I enjoy using Q&A to engage learners.
Has your teaching style changed through the years?
I am better now at knowing what learners need to know. And I’m not afraid to say what I don’t know. That comes with confidence.
Have students changed through the years?
Yes. They have so much more information available to them now than when I started. I remember when it was an innovation that we had our slides available to medical students on the intranet. Before that, we had to print copies for them.
Who are your teaching role models?
First and foremost is my wife, Bonnie, a high school band director. I’ve learned by watching her deal with kids. Her attitude is always upbeat.
I have learned from watching my colleague Patrick Kamath, M.D. (GI ’88, GI ’92). His demeanor is always calm, caring and nurturing.
I also learned from a mentor during residency. Jonathan Clain, M.D. (GI ’76, GI ’89), was my staff person during my GI rotation. I didn’t know yet that I wanted to go into GI. Dr. Clain used the Socratic method and asked questions. It was a great experience, especially when I knew the answers. I saw how he assessed residents’ knowledge base in doing that.
What do Teacher of the Year awards mean to you?
I feel incredibly lucky and blessed. Mayo is a big place and has many good educators who don’t receive awards. When you receive an award, you feel like you’re doing something right.
“Dr. Poterucha is an exemplary teacher, known for giving trainees his undivided attention, listening to case presentations in a thoughtful, supportive fashion, and always making himself available to answer questions and help with patient care.”
“When discussing cases with Dr. Poterucha, he listens to your entire presentation as if he doesn’t have another worry in the world, whether you run into him in the hallway, his office or you page or email him. In reality, he probably has several patients scheduled, but he teaches effortlessly and does a wonderful job.”

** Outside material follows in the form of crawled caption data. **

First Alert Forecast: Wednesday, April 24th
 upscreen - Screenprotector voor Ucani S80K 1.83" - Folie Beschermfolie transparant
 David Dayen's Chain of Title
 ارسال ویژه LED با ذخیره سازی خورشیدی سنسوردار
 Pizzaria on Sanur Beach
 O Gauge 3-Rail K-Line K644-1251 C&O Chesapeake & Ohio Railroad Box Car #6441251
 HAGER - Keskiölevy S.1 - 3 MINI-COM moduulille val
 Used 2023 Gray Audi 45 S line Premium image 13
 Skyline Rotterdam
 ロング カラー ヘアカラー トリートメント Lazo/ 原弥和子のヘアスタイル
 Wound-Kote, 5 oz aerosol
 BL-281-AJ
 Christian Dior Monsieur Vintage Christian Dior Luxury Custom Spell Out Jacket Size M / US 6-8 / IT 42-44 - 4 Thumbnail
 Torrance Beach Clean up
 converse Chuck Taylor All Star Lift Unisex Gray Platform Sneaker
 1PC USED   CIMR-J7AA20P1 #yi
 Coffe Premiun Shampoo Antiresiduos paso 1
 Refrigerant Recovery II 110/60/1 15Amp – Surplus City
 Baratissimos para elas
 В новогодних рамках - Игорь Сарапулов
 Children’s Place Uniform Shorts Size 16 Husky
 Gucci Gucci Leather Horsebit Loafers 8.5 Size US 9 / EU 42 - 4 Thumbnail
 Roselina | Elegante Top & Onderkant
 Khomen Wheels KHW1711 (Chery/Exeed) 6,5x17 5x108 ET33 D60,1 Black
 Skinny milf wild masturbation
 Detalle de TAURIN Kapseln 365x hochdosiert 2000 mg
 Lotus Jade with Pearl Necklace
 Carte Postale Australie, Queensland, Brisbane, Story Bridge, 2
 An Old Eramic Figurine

“His teaching style is effective because he’s enthusiastic and encouraging, and he allows trainees sufficient autonomy with adequate supervision.”
“Watching his interaction with patients is a true display of the art of medicine. I cannot think of a kinder, more supportive consultant throughout the Mayo enterprise. Whenever any of us have the opportunity to work with Dr. Poterucha, it is a genuine pleasure.”